Everything old is new again, Part the Eleventy-Billionth.
A friend of mine once said, “PTSD is the realization that you will never be this cool again.” He was referring to being on deployment, toting guns, and generally being a hard-ass. He was kind of correct. Once you wash the dirt and grit off and put on a clean shirt, you’re out of place in the civilian world. No one gets your jokes. Everyone wonders why you’re so insensitive to the plights of celebrities and pro-ball players. People view you as a victim, someone that somehow got duped into joining the military and marching off to fight, only to come home with less friends and more nightmares.
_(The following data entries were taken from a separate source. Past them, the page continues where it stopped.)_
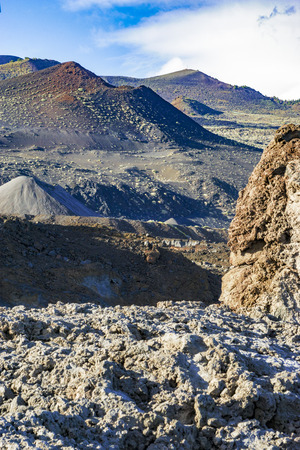 Photo of the volcanic landscape at Fuencaliente in La Palma, canaries.の写真素材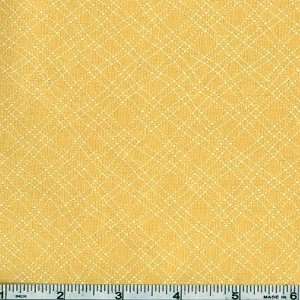  45 Wide Victory Garden Bias Stitch Texture Yellow Fabric 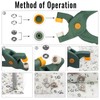 rietegio Snap Button Fastener Kit 250 Sets Poppers Fasteners with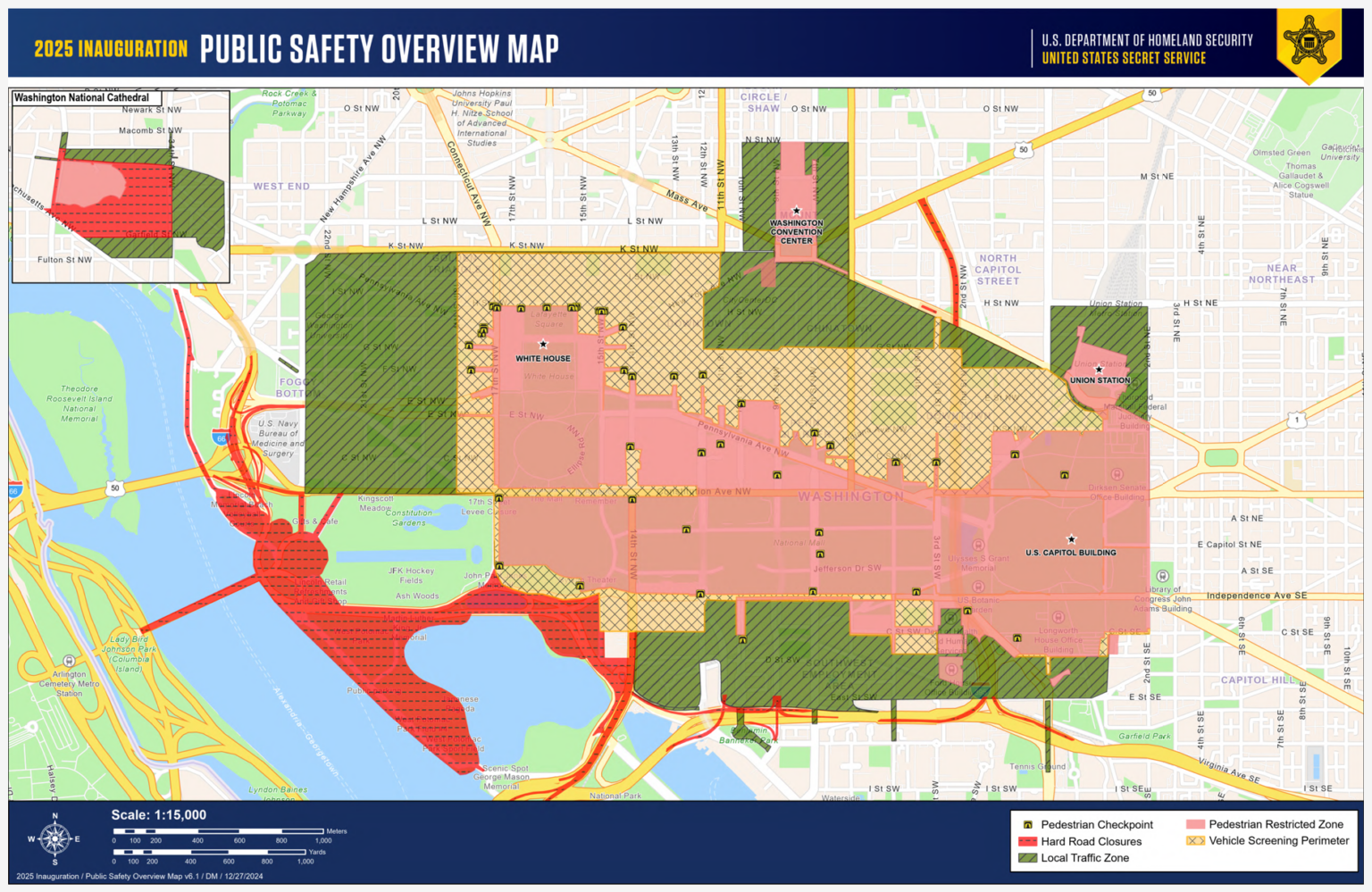 Inauguration Day Regional Safety & Travel Guide GWBOT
You go to work at your job thinking that whatever you do today will never matter as much as what you did over there. You will never work as hard in this cubicle, office, ambulance, bank, or courthouse, as you did in the killing fields. You have this little voice in the back of your head whispering, “You will never feel more alive. It doesn’t get any better than those days.” Sadly enough, a lot of veterans are heeding this voice and going home and killing themselves, either with a gun or with heroin and Hennessy. The suicide rate is an epidemic and the VA is a joke. Personally, in my non-solicited and ultimately meaningless opinion, I think this is largely due to the fact that a guy went over and put in work, to come home to a government that doesn’t support him, and a public that doesn’t appreciate him. We live in a society that puts more effort and emphasis on Justin-fucking-Bieber than their neighbor who lost his legs in Ramadi. It doesn’t feel good when the media is more ablaze in memoriam for a celebrity that OD’d on the shitter than Chris Kyle or more recently, Aaron Torian. It stings a little when the Commander in Chief makes more phone calls to his travel agent and “brave” basketball players than to the widows of the fallen. Bottom line: empty thanks and the obvious look of pity don’t do much for a guy that feels lost at home without his brothers or people that REALLY care. But, I digress.
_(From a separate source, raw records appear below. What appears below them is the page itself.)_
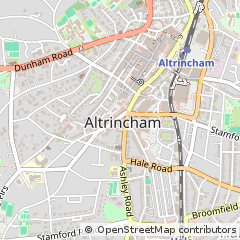 Map of Altrincham, Cheshire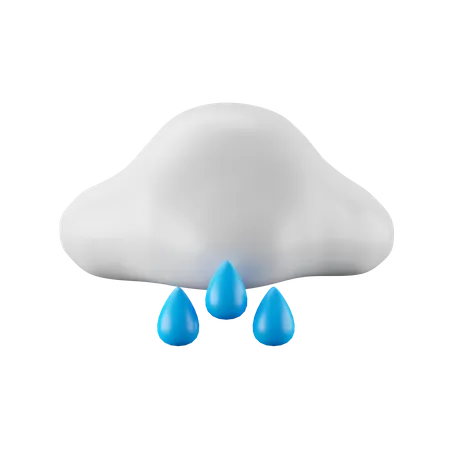 Jour de pluie  3D Icon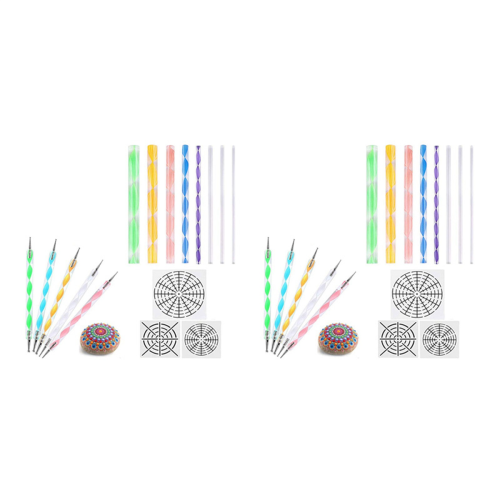 16 Pcs Mandala Dotting Tools for Painting Rocks Mandala Stencils Kit 1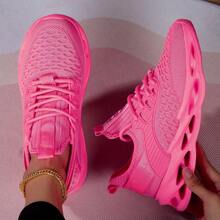 1 Paio di scarpe sportive di colore tinta unita, nuove scarpe sportive da donna stile britannico primavera/estate 2025 con lacci, punta tonda, suola alta antiscivolo, di moda, traspiranti, con suola spessa, da studentessa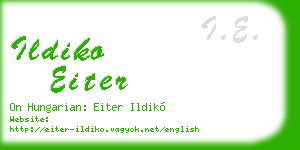 ildiko eiter business card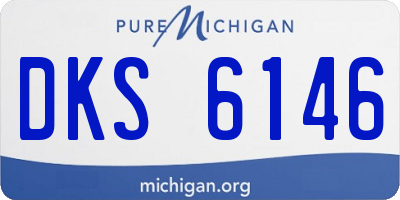 MI license plate DKS6146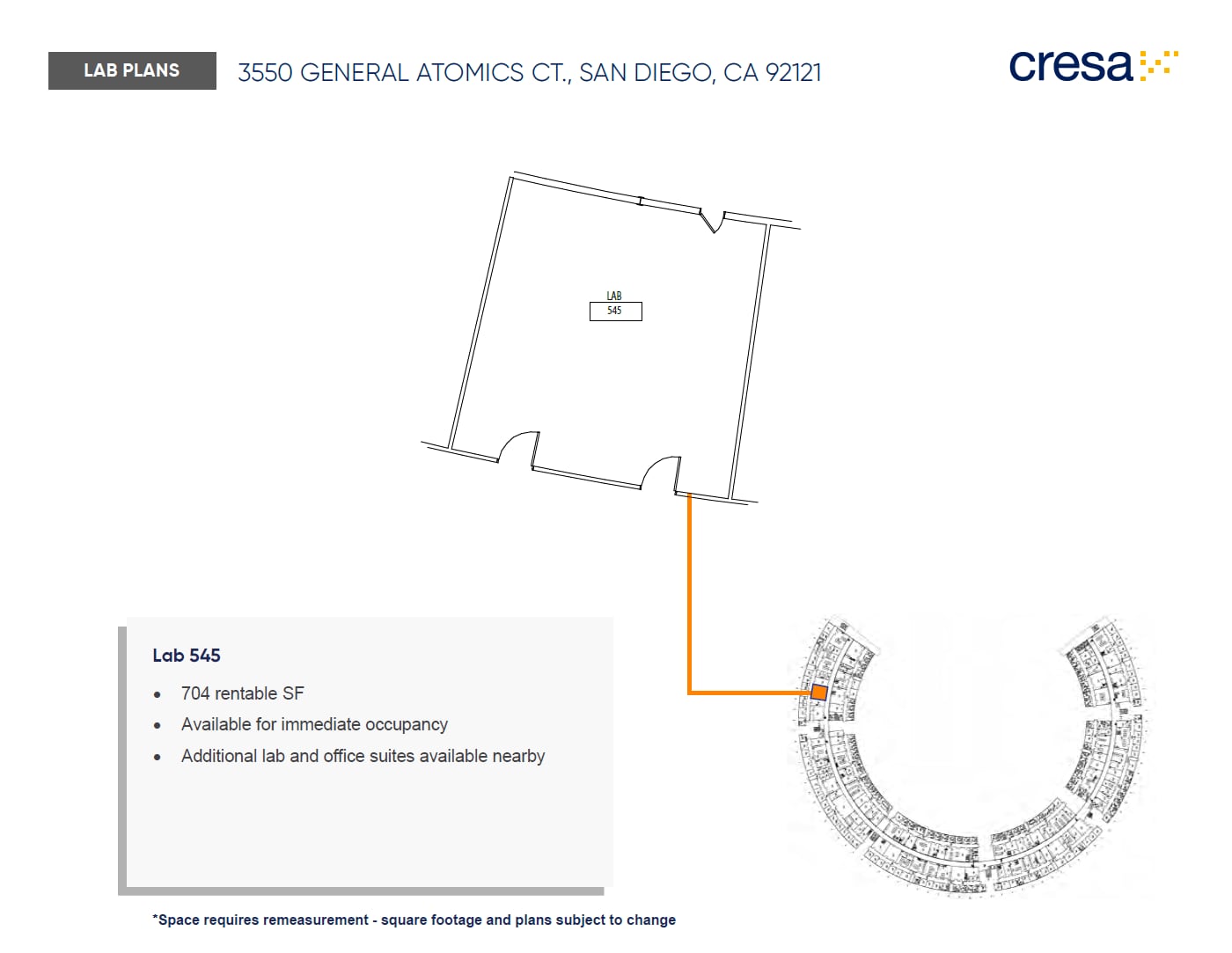 3550 General Atomics Ct, San Diego, CA à louer Plan d’étage– Image 1 sur 1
The last troops in Iraq left with little fanfare. Under the guidance of an apologetic administration, they left that country with their ears back and their tails tucked. To the guys at home at the time, they could no longer point at the TV and say, “I was there.” Afghanistan seems to be heading the same direction. One big-ass circle. The Taliban are seizing ground again, poised to take power, and the troops (from MY vantage point) are just hanging out in the FOB’s eating Burger King and biding their time, and why shouldn’t they? Our strategy in this country has been telescoped so far that the enemy knows when we’re going home! Why go out and put foot to ass when the shot-clock is down to the final second? No one is truly invested in the war. Again, my opinion.
Perhaps so. But an all-too-accurate one. Just one of many, many reasons why FUSA is finished. And, frankly, deserves to be.